**REQUIRED ACTION:** Reproduce the data below exactly. Skip the pictures.

**DATASET SECTION:**
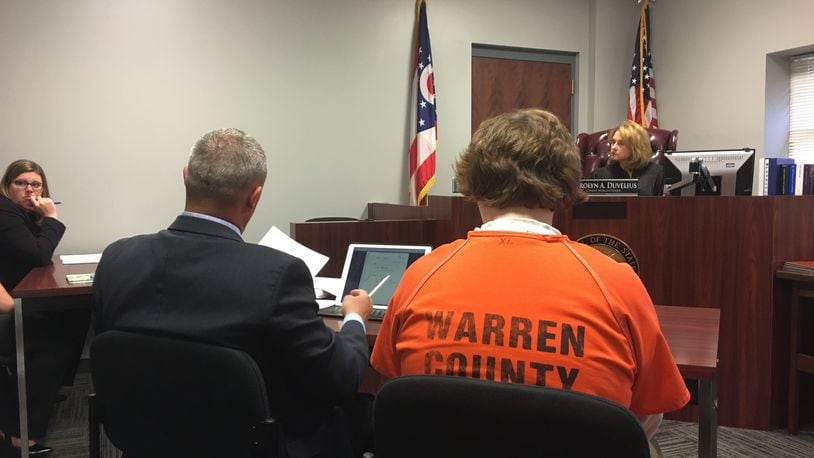 The 16-year-old son of Springboro teacher Amy Panzeca is shown during an earlier juvenile court hearing in the case stemming from a drug raid at their home in May. On Monday, his lawyer met privately with the judge and a plea hearing was scheduled. STAFF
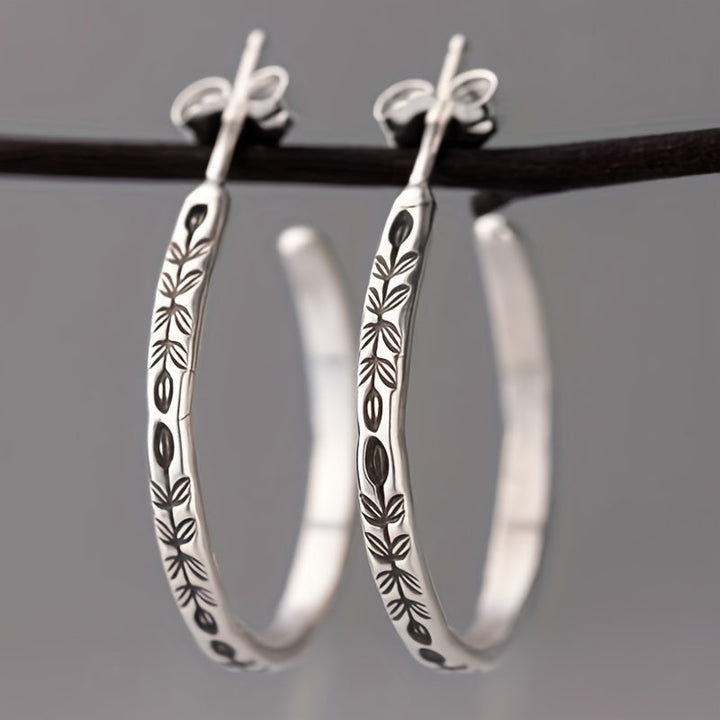Unique Silvery Hoop Earrings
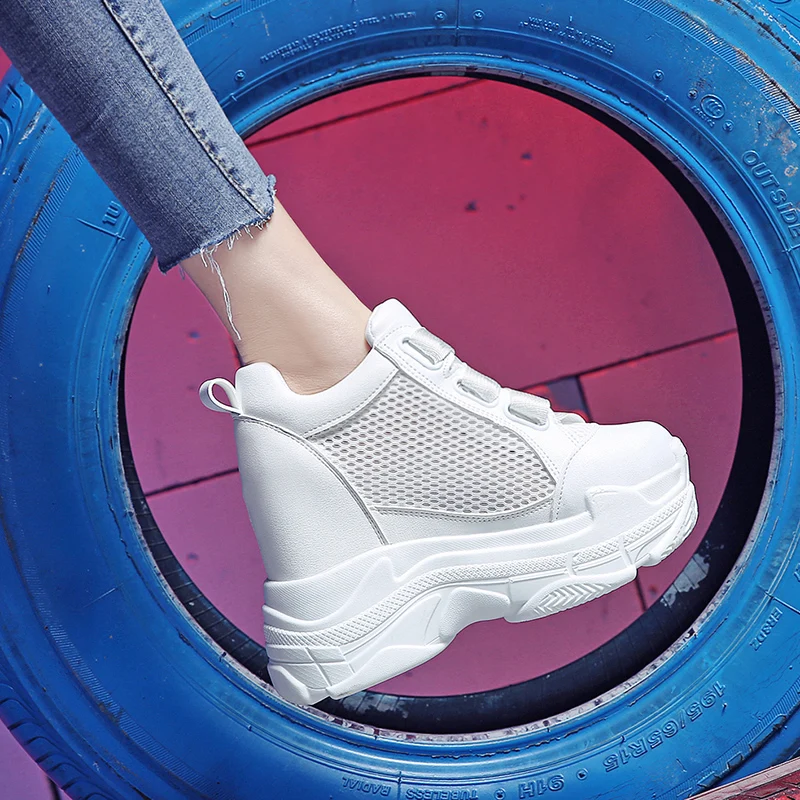 

10CM Heels Women's Sneakers Mesh Casual White Platform Trainers Spring Wedges Breathable Woman Height Increasing Shoes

**RESPONSE TO THE TASK:**
 The 16-year-old son of Springboro teacher Amy Panzeca is shown during an earlier juvenile court hearing in the case stemming from a drug raid at their home in May. On Monday, his lawyer met privately with the judge and a plea hearing was scheduled. STAFF
Unique Silvery Hoop Earrings

10CM Heels Women's Sneakers Mesh Casual White Platform Trainers Spring Wedges Breathable Woman Height Increasing Shoes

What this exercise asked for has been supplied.